Em 1992, o vice-Presidente Dan Quayle afirmou que o álbum do rapper Tupac era uma desgraça para a música americana.

“There is absolutely no reason for a record like this to be published” [«Não há razão absolutamente nenhuma para um álbum destes ser publicado»], referiu.

16 anos depois, o tom tinha mudado.

A campanha de Barack Obama para as presidenciais contou com o apoio de vários artistas deste género musical, como Will.i.am e Jay Z.

Uma relação entre política e hip hop levada ao extremo por Kanye West, que anunciou a intenção de se candidatar à Casa Branca em 2020.

 

 

A Comunicação política aprendeu a ajustar-se aos novos tempos, tornando o debate público mais diverso.

Na era do online

Tal como Killer Mike, muitos eleitores  cruzam-se com as mensagens políticas dos candidatos não através dos meios tradicionais, mas das redes sociais.

Os partidos e os candidatos veem-se obrigados a descobrir novas formas de chegar ao público, apostando na informação, na proximidade e na rapidez.

As redes sociais chegaram à política com a mediática campanha de Barack Obama para as presidenciais de 2008.

As plataformas online, em especial o Twitter, assumem-se como um espaço de circulação e oposição de ideias, tornando-se uma alternativa à spin room tradicional.

O seu maior trunfo? O tempo real.

Mas estará a spin room a tornar-se obsoleta?

“For many years, the post-debate ‘spin room’ was the place where campaigns could try to influence debate coverage. Now, there's no delay – campaigns take their candidates' key quotes and, just moments after they happen, push them out online in an attempt to generate momentum and that needed attention”, escreve Scott Detrow para a NPR.
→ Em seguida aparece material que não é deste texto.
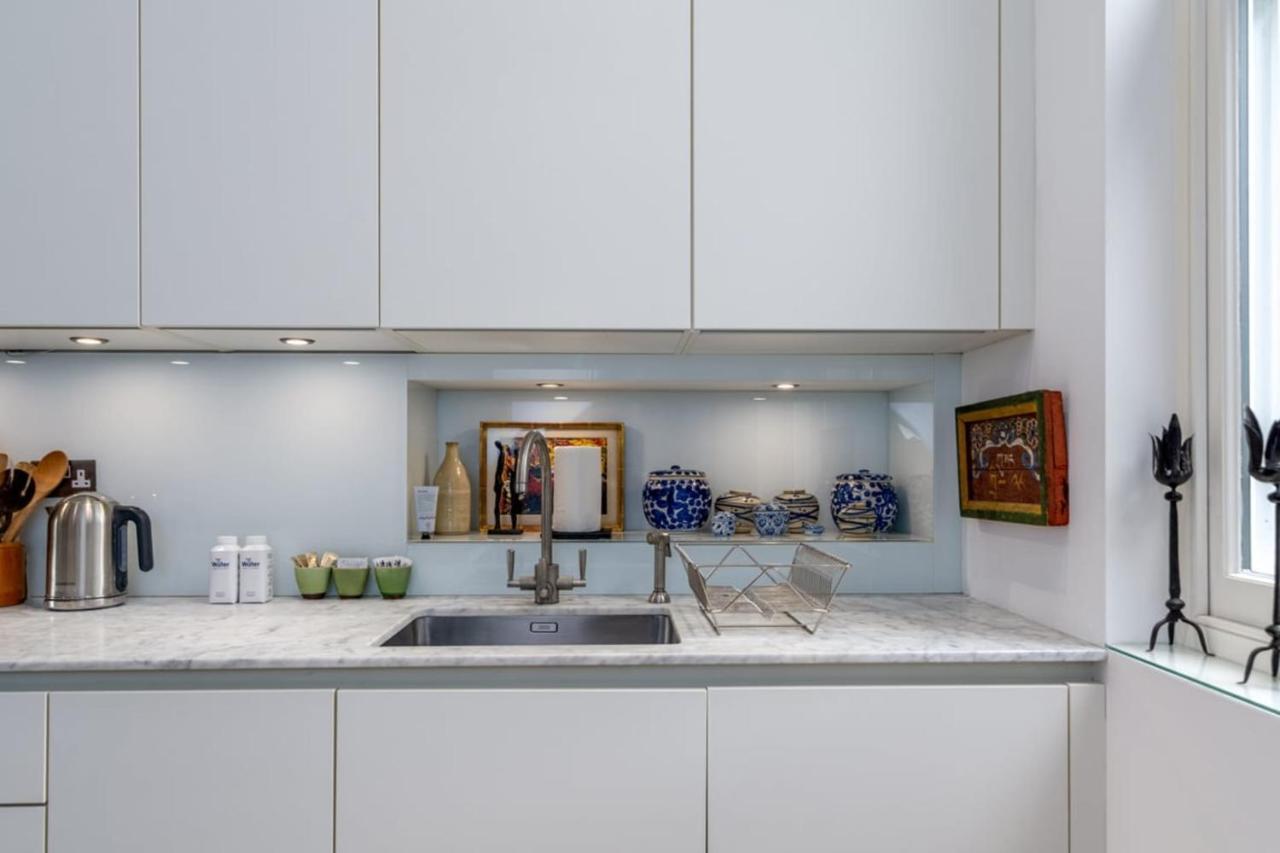 3br Primrose Hill Park With Garden Appartamento Londra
[«Durante muitos anos, a “spin room” do pós-debate era o local onde as campanhas podiam tentar influenciar a cobertura do debate. Agora, não há delay – as campanhas promovem, online, as principais citações dos seus candidatos pouco depois de estas serem ditas, de forma a tentar gerar momentum e essa atenção necessária»].

Em 2004, apenas quatro anos antes da revolução digital de Obama, a comunicação política era muito diferente.

Após os debates Bush-Kerry, foram entregues aos jornalistas folhas de papel com as principais mensagens da campanha.

Uma estratégia hoje completamente ultrapassada, acredita Brian Jones, porta-voz de Mick Romney em 2012.

“I think with Twitter, and the way information now moves, the sense of how the debate is being played out occurs in almost real-time”, considera Jones, em entrevista ao The Huffington Post. “In years past, you may have had to wait until the debate concluded”.

[«Julgo que, com o Twitter, e com a forma como a informação se movimenta hoje, temos a sensação de como o debate está a correr quase em tempo real. Em anos anteriores, tinha de se esperar até o debate estar concluído»].

Apesar da evolução tecnológica, a spin room não se tornou obsoleta; bem pelo contrário.

Esta prática estende-se agora a outras plataformas, contribuindo para chamar mais público para a arena política e aumentar a diversidade do debate.

Nos dias de hoje, pode falar-se de um digital spin.

 

Na sua versão tradicional ou online, a spin room continua a ser considerada tão ou mais importante do que o debate em si para informar o público e promover o confronto de opiniões políticas.

Ao dar projeção a diferentes vozes associadas às várias campanhas, esta prática ajuda os eleitores a tomar uma decisão informada, tornando-se, no limite, num instrumento de democracia.